Stone, Keith A
Cambridge: Harvard University Press, 2016
Find the review by Don C. Benjamin in the RBL 12/2017 that reads in part:
“Stone explains how his work with performance criticism contrasts with previous scholarship on the genre of the Song of Moses (Deut 32:1–43). … he argues that the intention of performances in Mediterranean cultures is not simply to remind actors and audiences of something that happened in the past but to allow actors and their audiences to participate in the experiences they recount—creating and re-creating their cultural identity…”
“Stone’s creative use of theater studies to better understand Deuteronomy prompted me to think of some unexplored aspects of performance criticism as well as research in other disciplines…”
“In Singing Moses’s Song: A Performance-Critical Analysis of Deuteronomy’s Song of Moses, Stone offers a refreshingly [sic.] look at aspects of just how storytelling functions in ancient Mediterranean cultures. Performance criticism places a clear emphasis on biblical traditions as oral, rather than written…”

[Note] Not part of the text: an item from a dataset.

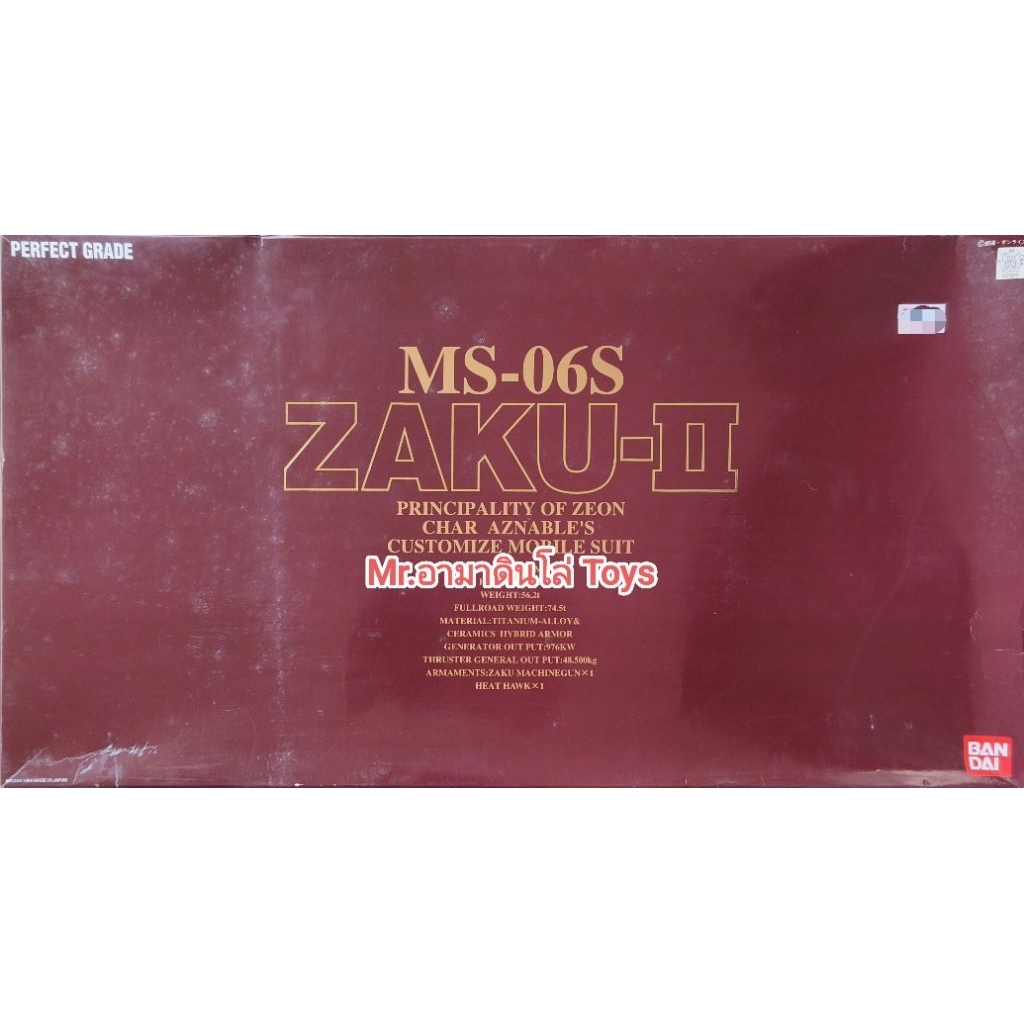 Bandai PG MS-06S	Zaku II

Description: How does performing affect those who perform? Starting from observation of the intergenerational tradition of performing the Song of Moses (Deuteronomy 32.1–43), Keith Stone explores ways in which the Song contributes to Deuteronomy’s educational program through the dynamics of reenactment that operate in traditions of performance. Performers of the Song are transformed as they reenact not only characters within the Song but also those who came before them in the history of the Song’s performance―particularly YHWH and Moses, whom Deuteronomy depicts as that tradition’s founders. In support of this thesis, Stone provides a close reading of the text of the Song as preserved in Deuteronomy and as informed by the account of its origins and subsequent history. He examines how the persona of the performer interacts with these reenacted personas in the moment of performance. He also argues that the various composers of Deuteronomy themselves participated in the tradition of performing the Song, citing examples throughout the book in which certain elements originally found in the Song have been adopted, elaborated, acted out, or simply mimicked.